== Segment start ==

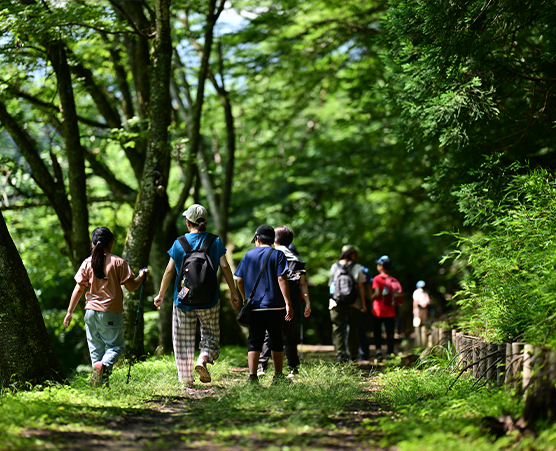 「多摩の森」自然体験ツアー第10回：写真01
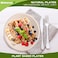 Mimorou 500 Counts 100 Compostable Paper Plates Bulk Heavy Duty Sugarcane Brown Disposable Paper Plates Bulk Small Dessert Party Appetizer Cakes Restaurant Party Supplies 6 Inch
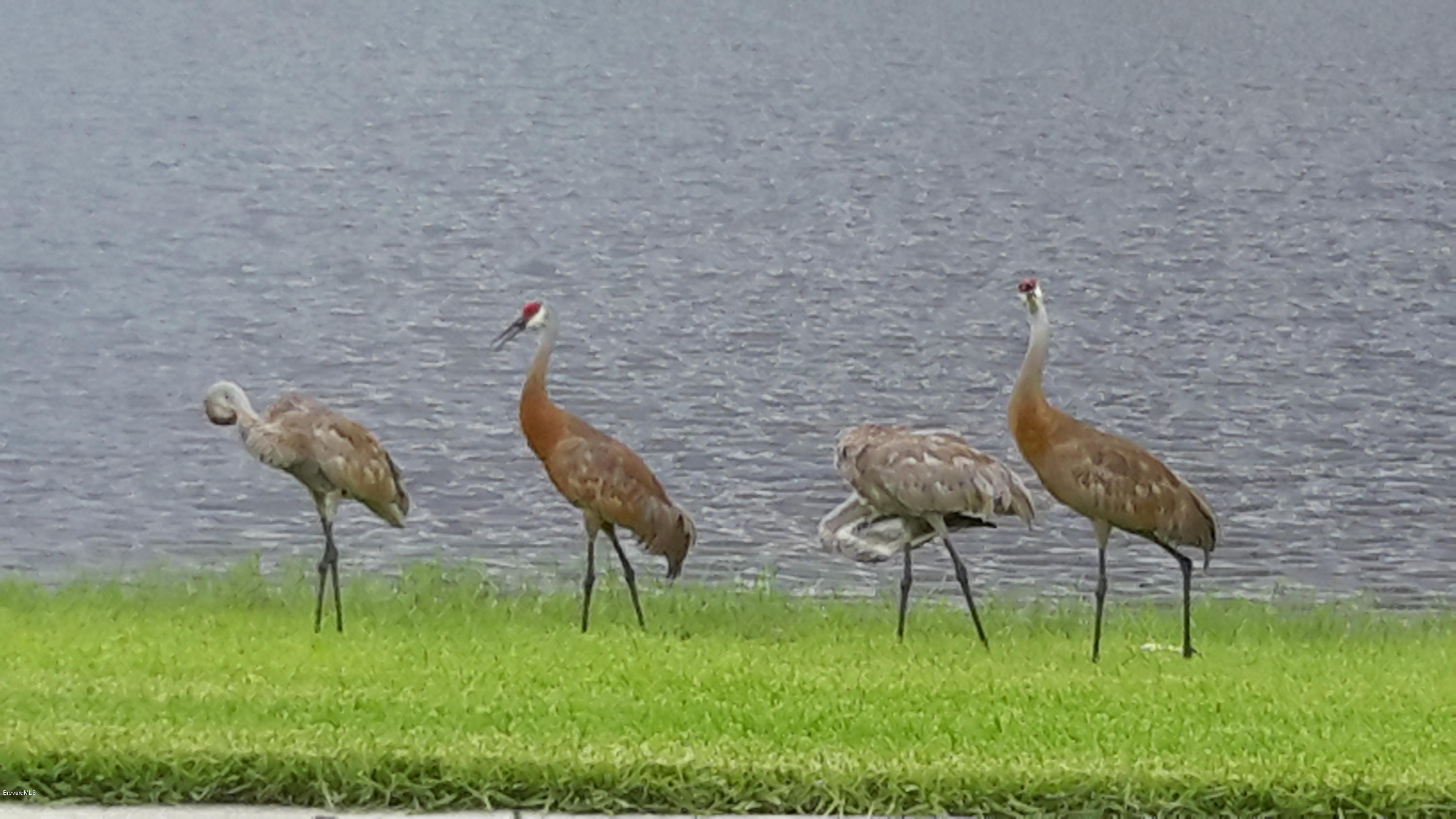 3479 Ahern Place Melbourne, FL 32940 - Photo 17 of 19 Enjoy the wildlife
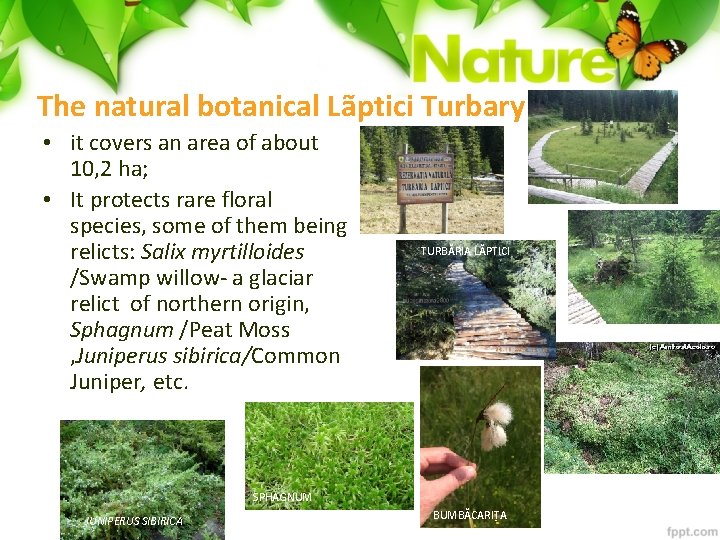 The natural botanical Lãptici Turbary • it covers an area of about 10, 2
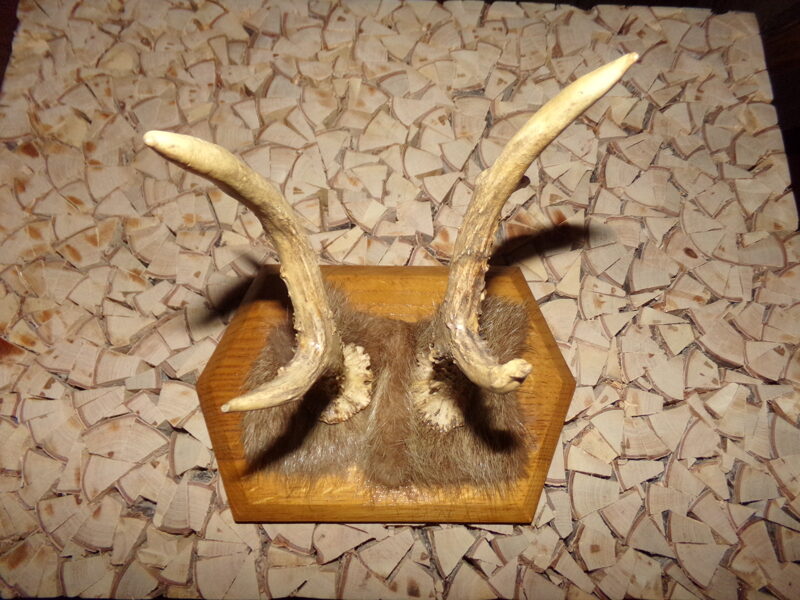 Рога с мехом на дубовой доске. Латвия.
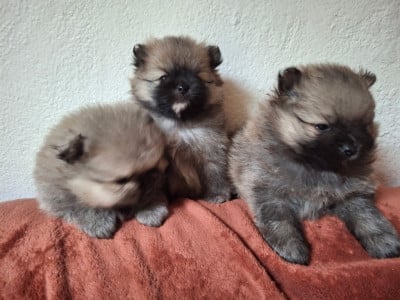 Les chiots de Spitz allemand
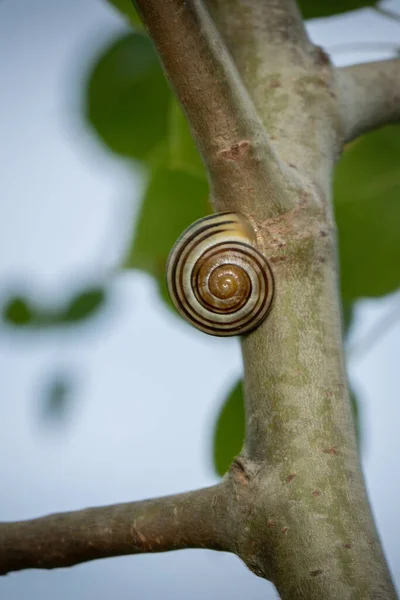 Vertical Shot Snail Tree Branch — Stock Photo, Image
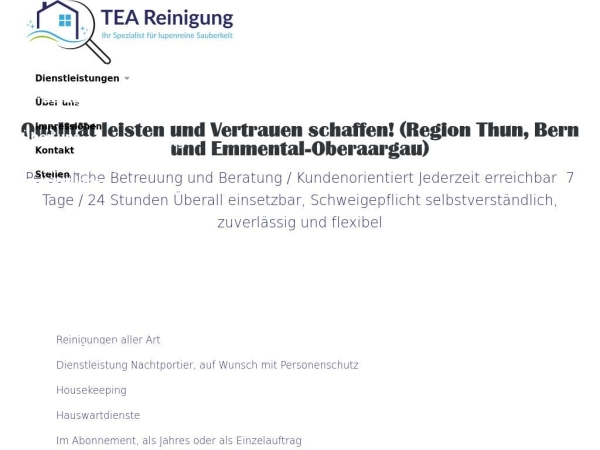 tea-reinigung.ch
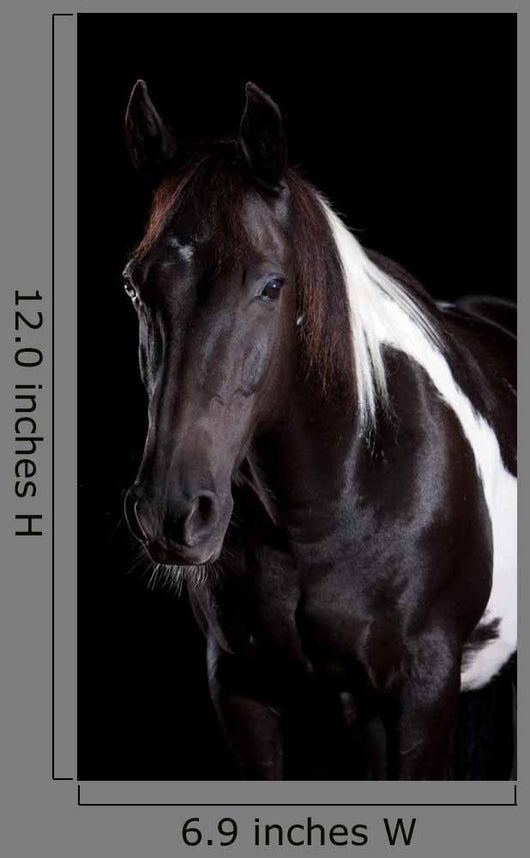 Horse Portrait Wall Decal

== Segment end ==

Aim of the exercise –
Retype all entries above verbatim; no pictures belong in the copy.

Written response –
 「多摩の森」自然体験ツアー第10回：写真01
 Mimorou 500 Counts 100 Compostable Paper Plates Bulk Heavy Duty Sugarcane Brown Disposable Paper Plates Bulk Small Dessert Party Appetizer Cakes Restaurant Party Supplies 6 Inch
 3479 Ahern Place Melbourne, FL 32940 - Photo 17 of 19 Enjoy the wildlife
 The natural botanical Lãptici Turbary • it covers an area of about 10, 2
 Рога с мехом на дубовой доске. Латвия.
 Les chiots de Spitz allemand
 Vertical Shot Snail Tree Branch — Stock Photo, Image
 tea-reinigung.ch
 Horse Portrait Wall Decal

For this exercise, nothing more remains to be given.